Gravetapping by Ben Boulden
Posted: 18 Dec 2014 07:31 PM PST
“His name was Jimmie Prescott and he is thirty-one years of age. Five foot ten. Slight build.”
He is a loner. A sniper. A killer. The sort of sniper who sets up over a busy city street and randomly chooses a target. A victim. It is the spontaneity that thrills him, and, by his own reckoning, he is the best. The best because he has 41 notches on his rifle, and, while there have been a few close calls, he has no real fear of capture.
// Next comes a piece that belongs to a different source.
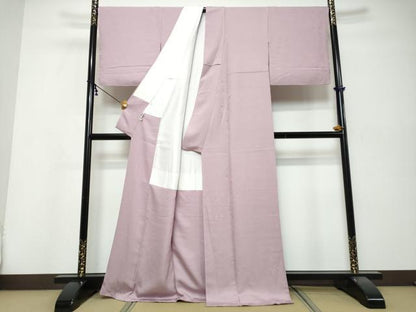 平和屋着物●上質な色無地　雪輪草花地紋　薄葡萄色　反端付き　正絹　逸品　未使用　DABI9879ud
“A Real Nice Guy” is a stylish crime story written by William F. Nolan, a favorite author of mine, originally published in the April 1980 issue of Mike Shayne Mystery Magazine. It is something of a battle of sociopaths—both bad, of course—and while the ending is less than surprising the journey is ideal. The prose is smooth and, especially the non-dialogue narrative, is something like a brassy jazz riff—
“He was a master. He never missed a target, never wasted a shot. He was cool and nerveless and smooth, and totally without conscience.”
It is short. Third person, and very much worth seeking out. But, in the interest of fairness, that is exactly what I think of all Mr Nolan’s short work.
I read “A Real Nice Guy” in The New Mammoth Book of Pulp Fiction, published in 2013 by Running Press, and edited by Maxim Jakubowski.